**WORK REQUEST:** Skip the pictures and restate, word for word, the lines from the one containing "Bouwland van ca." to the end of the data below.

**DATA SECTION:**
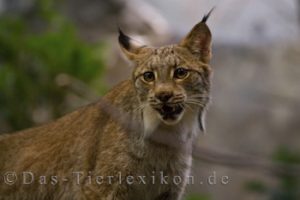 luchs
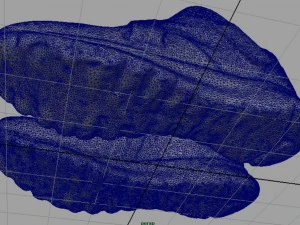 t&ecirc;nis 10 Modelo 3D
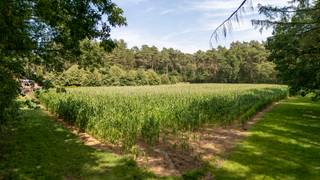 Bouwland van ca. 7995m² op grens met Vorselaar
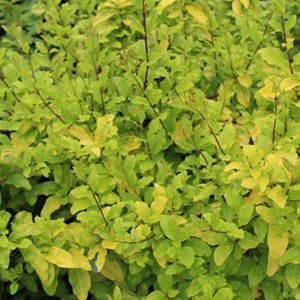 2 x troène de californie 'lemon lime' - ligustrum ovalifolium 'lemon and lime'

**SOLUTION TO THE PROBLEM:**
 Bouwland van ca. 7995m² op grens met Vorselaar
 2 x troène de californie 'lemon lime' - ligustrum ovalifolium 'lemon and lime'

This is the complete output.